An additional interesting effect is revealed in this analysis, which becomes more pronounced in the NOI relationship but is nevertheless inherent in the gross profit relationship as well (both trend lines are second-order polynomials): As gross profit or net income increases, there is a point of diminishing returns that is reached, in which buyers will pay less for an additional dollar of income. Higher NOI generally results in increased risk to a buyer, with properties with above-average NOI generally commanding a higher capitalization rate than properties with near or below-market NOI. The effect is similar to an above-market leased fee interest, in which the landlord is collecting above-market rent from a tenant. A buyer is likely to use a higher discount rate to value that above-market rent that may be unlikely to continue into the foreseeable future. A potential buyer would logically be less willing to pay the same amount for a riskier income stream. Consequently, capitalization rates tend to get pushed upwards.
Moreover, properties with higher NOI will generally be higher-priced and will therefore have a smaller pool of buyers, which would also tend to push up capitalization rates. For properties with lower NOI, many more potential buyers can bid on the property, thus pushing capitalization rates into a lower and more constant range. Once properties become more profitable, the pool of buyers shrinks, flipping from a seller’s market to something of a balanced market or even a buyer’s market depending on the conditions. As a result, for gas station and car wash going-concerns, we tend to observe an inverse relationship between the NOI and capitalization rates paid.
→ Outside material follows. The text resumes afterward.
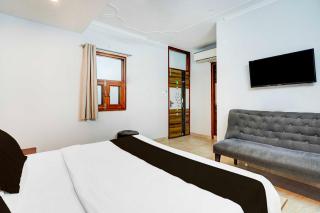 Hotel O Sector 20 Noida - Noida - 5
The relationship for car washes is similar. The chart below shows the relationship between NOI and sales price for fourteen car wash sales in the southwestern United States that have taken place over the course of the last four years. Just as with gas station, it can be observed that as net operating income increases, sale price logically increases. However, as the NOI gets up to around $500,000 annually, the relationship begins to stagnate, with sale prices not increasing at the same prior rate. The gas station/cstore sales exhibit a similar inflection point in the $400,000 to $600,000 of NOI range. Furthermore, in the case of the car wash sales, the relationship becomes much more diffuse, with a wider variety of sales prices for generally similar NOI flows, although this may partially be a byproduct of a smaller dataset, as this effect appears to be much less pronounced with the gas station/c-store data.
Undoubtedly, both GPM and NOI analyses should be carried out in any appraisal of a gas station/c-store or car wash going-concern. They can both provide useful insight into how buyers, sellers, and other market participants value these property types, which can be quite complex. Differing locations, improvements configuration and condition, profit centers, underlying land values, and a multitude of other factors can influence values. These two relationships cut to the heart of the matter. However, value indications arrived at via GPMs will tend to be more consistent because of the more consistent market data available. Due to the nature of accounting for operational expenses within small business structures, capitalization rates will tend to be somewhat less reliable and are generally considered to be supporting indicators.